(INSTRUCTIONS TO FOLLOW): In your copy, include every entry exactly as written but no pictures.

(STORED DATA):
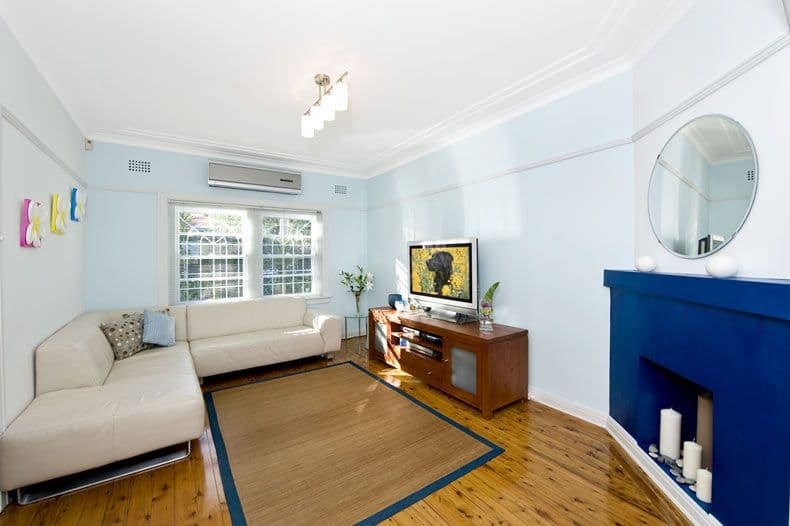 No. 225a  Rainbow Street, RANDWICK NSW 2031, Randwick - Thumbnail 3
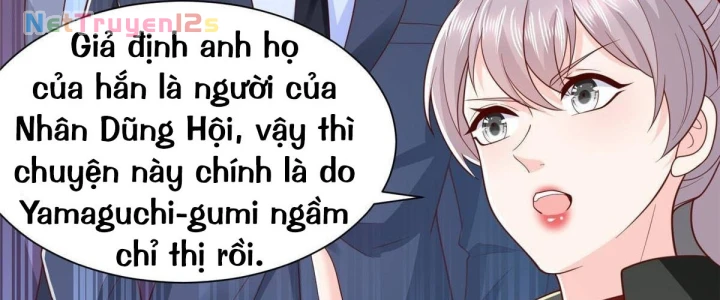 Mỗi Tuần Ta Có Một Nghề Nghiệp Mới Chapter 918 - 115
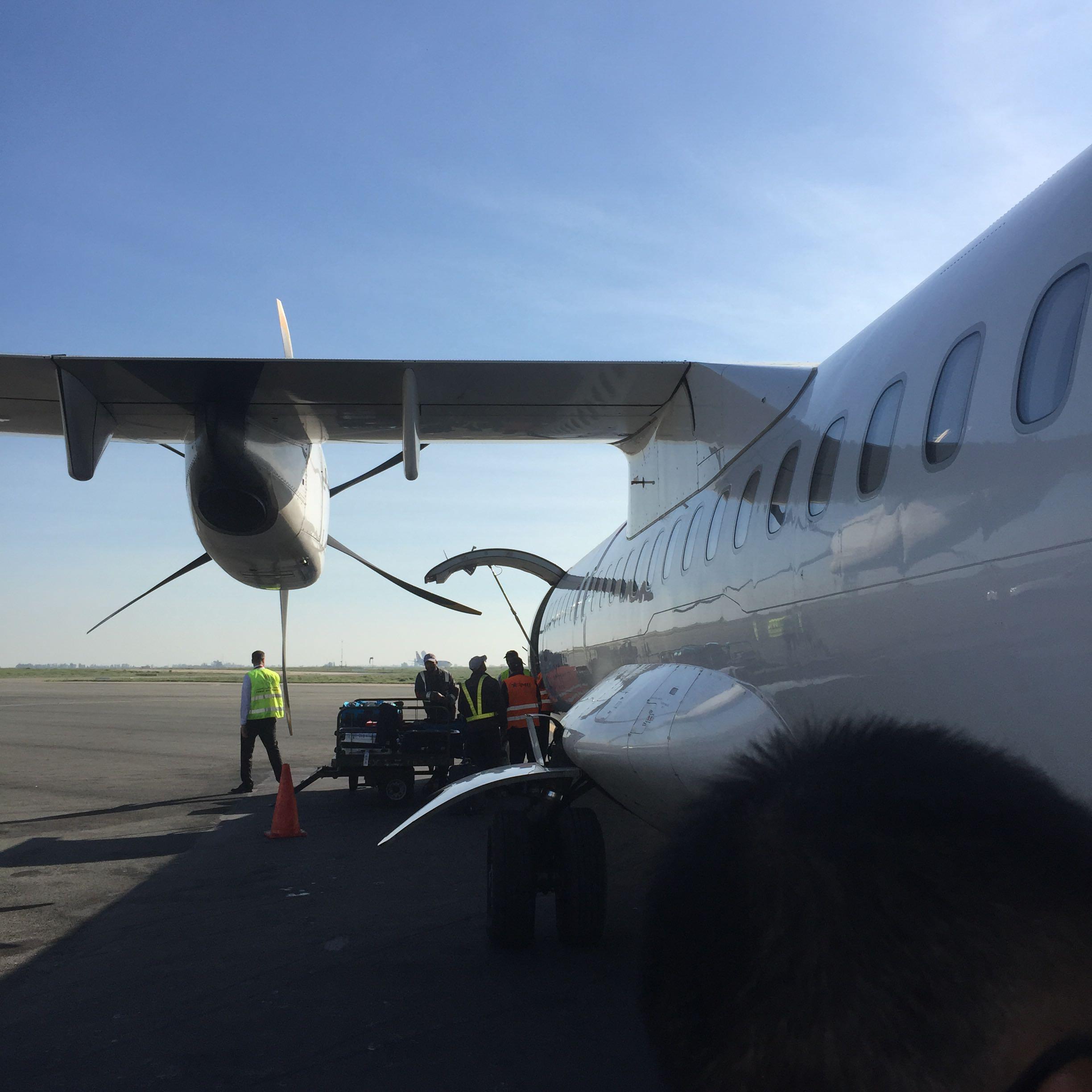 摩洛哥计划实施一批大型水资源和能源项目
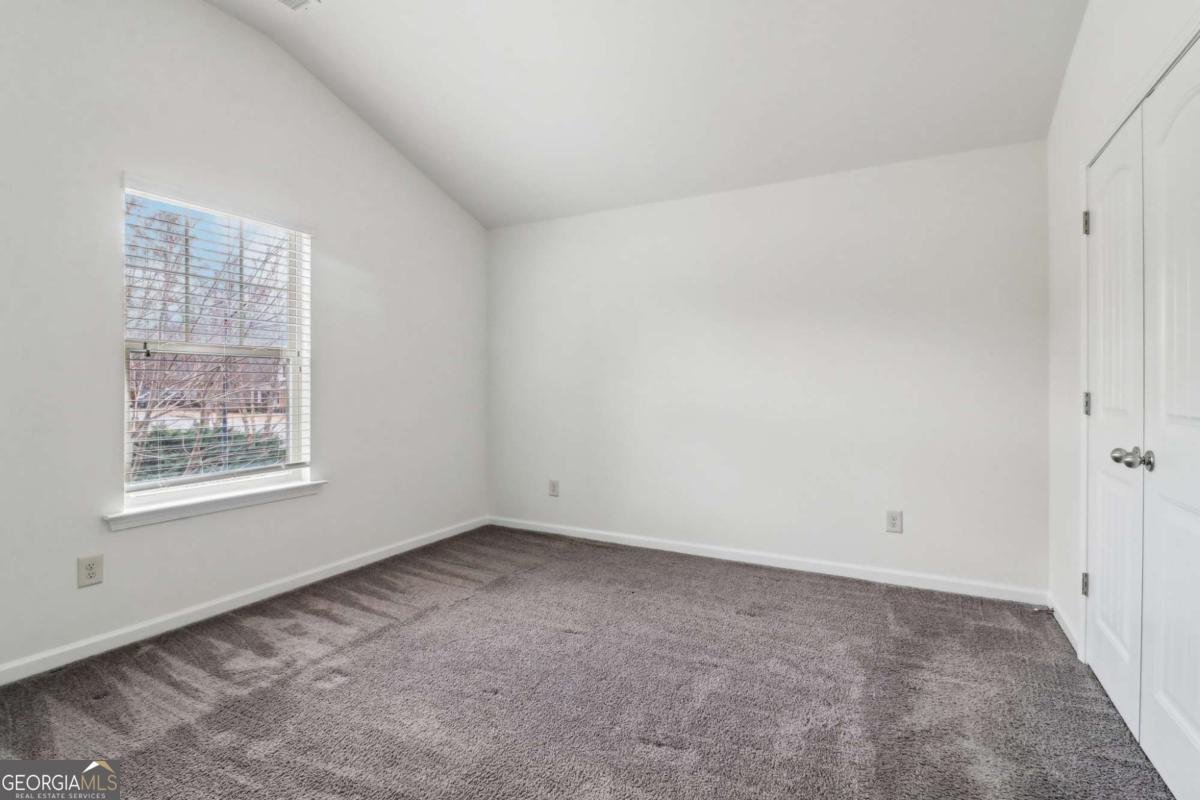 903 Hollytree Place Acworth - Photo 15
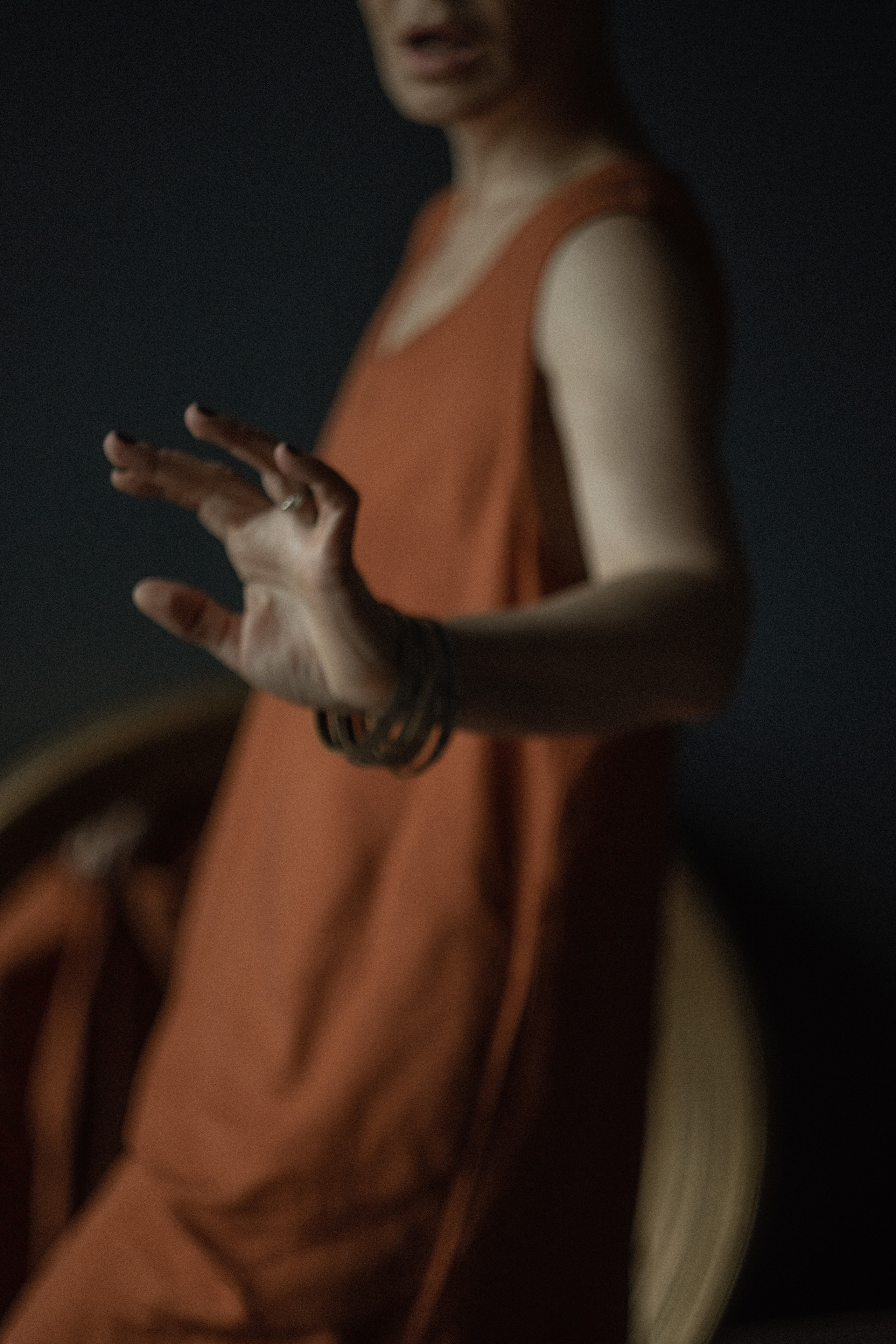 . Фотограф Москва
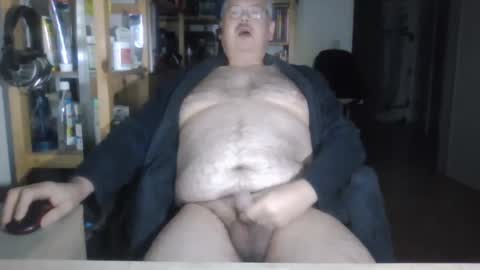 busi online show from 12-14-24, 02:56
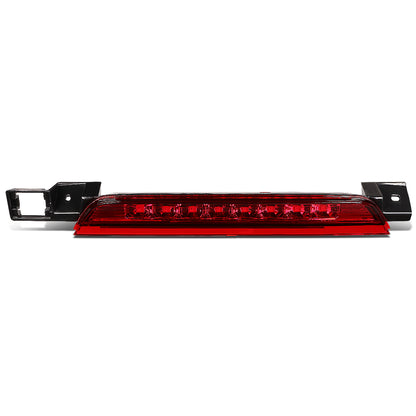 LUZ DE FRENO 10-17 CHEVY EQUINOX, GMC TERRAIN - LED - RED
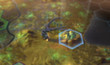 Sid Meier's Civilization®: Beyond Earth™ Screen Shots 1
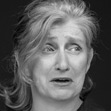 Sally Wood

(RESULT OF THE EXERCISE):
 No. 225a  Rainbow Street, RANDWICK NSW 2031, Randwick - Thumbnail 3
 Mỗi Tuần Ta Có Một Nghề Nghiệp Mới Chapter 918 - 115
 摩洛哥计划实施一批大型水资源和能源项目
 903 Hollytree Place Acworth - Photo 15
 . Фотограф Москва
 busi online show from 12-14-24, 02:56
 LUZ DE FRENO 10-17 CHEVY EQUINOX, GMC TERRAIN - LED - RED
 Sid Meier's Civilization®: Beyond Earth™ Screen Shots 1
 Sally Wood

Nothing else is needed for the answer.